Ferrata degli Alpini Oronaye

Alpi Marittime · Cuneo · Italy

Dati tecnici

Difficoltà
Difficile
Stato
aperta
Distanza
12,6 km
Durata totale
7 h 15 min
Avvicinamento
3 h
Tempo in ferrata
1 h 30 min
Dislivello
350 m
Coordinate
44.43882, 6.98932

Caratteristiche

Alta montagnaScaleItinerario lungoInteresse Storico

Descrizione

Normale

Panoramica

La Ferrata degli Alpini all’Oronaye è un itinerario storico di alta quota, sviluppato lungo il tracciato di una strada militare costruita dagli Alpini al confine italo-francese. Si tratta di un percorso lungo ed esigente, che si svolge in un ambiente remoto e severo, con scarsi ripari e lunghi avvicinamenti. L’escursione richiede condizioni meteo stabili e un’ottima preparazione fisica, oltre a una solida esperienza in ambienti di alta montagna.

Avvicinamento

Il percorso ha inizio dalla frazione di Viviere, nell’alta Valle Maira in provincia di Cuneo. Dopo un breve tratto su strada asfaltata, si imbocca una pista sterrata che conduce al cartello d’ingresso della Ferrata degli Alpini all’Oronaye.

Si segue quindi il sentiero S9, che risale il Vallone di Enchiausa verso la massiccia sagoma del Monte Oronaye. Il sentiero, dapprima comodo, si fa progressivamente più ripido, per poi aprirsi in un tratto pianeggiante dove, a un bivio, si devia a sinistra sul sentiero S30. La salita prosegue su un ampio vallone detritico fino a superare il moderno Bivacco Valmaggia del CAI di Dronero, per giungere infine al Bivacco Enrico Mario a 2650 metri. Il bivacco, attualmente umido e in condizioni precarie, non è adatto al pernottamento. Poco prima della struttura, una tabella illustrativa segnala l’inizio della via ferrata. Dopo aver indossato l’attrezzatura, si procede verso destra costeggiando il versante su ghiaioni mobili, seguendo le frecce gialle fino all’attacco vero e proprio.

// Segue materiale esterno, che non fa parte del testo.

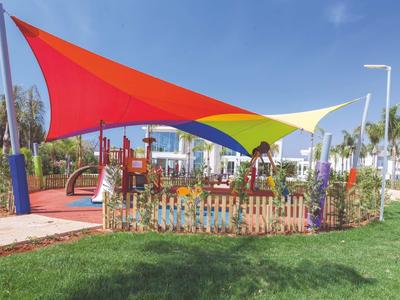 Bunter Sonnensegel-Schattenspender über einem eingezäunten Spielplatz mit Rutschen und Palmen.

L’avvicinamento richiede circa 3 ore dal parcheggio.

L’ambiente è tipico dell’alta Valle Maira, con versanti ampi e severi modellati dall’erosione glaciale. L’itinerario si svolge su un terreno instabile e detritico, che richiede attenzione e un passo sicuro. Il ritmo è continuo e fisicamente impegnativo, con un dislivello sostenuto che prepara all’impegno tecnico della ferrata vera e propria.

Via Ferrata

La ferrata supera un dislivello di 350 metri. Il primo tratto, della durata di circa 30 minuti, è caratterizzato da roccette attrezzate, cenge esposte, canalini e brevi pareti di difficoltà moderata, che portano al primo bivacco d’emergenza (Nido d’Aquila). In questa sezione si incontra un breve passaggio privo del cavo metallico; per escursionisti meno esperti può essere utile un spezzone di corda per procedere in conserva, sfruttando anche alcuni fittoni presenti in loco.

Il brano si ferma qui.